TLDR LT asked about vector search result filtering and cosine similarity. Kishore Nallan explained how cosine distance is related to similarity and shared plans to add a threshold restriction option.

Powered by Struct AI


Join the chat
Mar 25, 2023 (6 months ago)
Photo of md5-01b4600434aa419becd17a9f7773e2ff
10:09 PM
Hey Kishore Nallan, Krish asked 2 months ago about the vector search, wether the results can be filtered with "filter_by=vector_distance:>0.25".

You answered then "Nope that's not possible but these distances don't carry any semantic absolute meaning. They are only useful as relative values."
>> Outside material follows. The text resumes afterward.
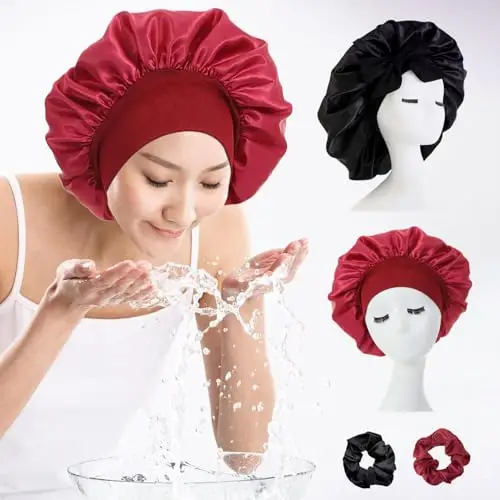 vaolmlop 2 pezzi Cuffia Seta Capelli Notte, Silk Bonnet, Con Nastri Regolabili, Berretto Da Notte Raso Elastico Per miniatura 2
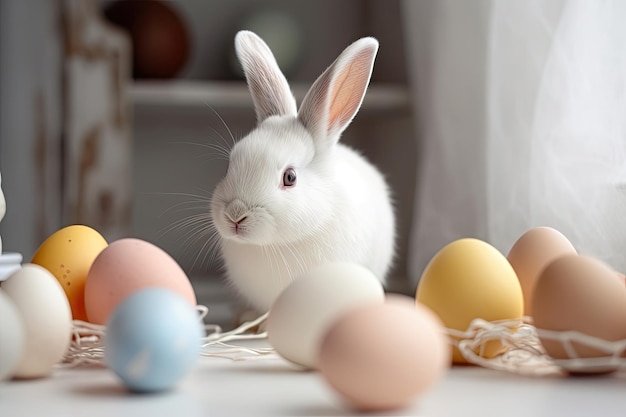 Un mignon lapin et des œufs de Pâques sur une table blanche en gros plan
But just for my udneerstanding: The vector distance is the cosine similarity between the requested embedding and the on in typesense right? Because if I want to store face emebddings and the cosine similarity indicates how similar they are, the distance is very meaningful.
Are there plans to add filter_by functionality for vector distance or is the "go-to-way" for the next years to postprocess the results?
10:51 PM
I also noticed, that the vector distance can be greater than 1. How do you calculate the cosine similarity: It usually is in the interval of -1 (opposite direction), over 0 (orthogonal) to 1 (similar).
Mar 26, 2023 (6 months ago)
Kishore Nallan
Photo of md5-4e872368b2b2668460205b409e95c2ea
Kishore Nallan
01:49 PM
Cosine similarity is a range between -1 to 1.
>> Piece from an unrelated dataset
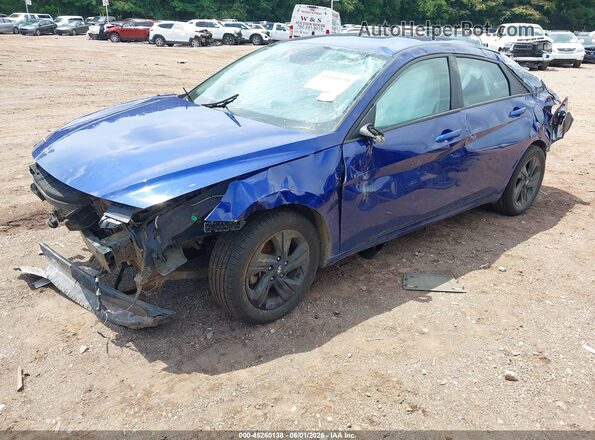 5NPLS4AGXNH069508 2022 HYUNDAI ELANTRA Blue წინა მარცხენა ხედი სამი მეოთხედიდან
cosine_distance = 1 - cosine_similarity

When 2 vectors are exactly same, the cosine similarity be 1, so the cosine distance will be 0.
Likewise, when 2 vectors are very different then the cosine similarity will be -1 so the cosine distance will be 2.

We plan to add a way to restrict results based on a threshold. When I meant "don't carry any semantic absolute meaning" I meant generically across datasets. It's still useful to have a cutoff threshold for some datasets so we will be adding an option for that.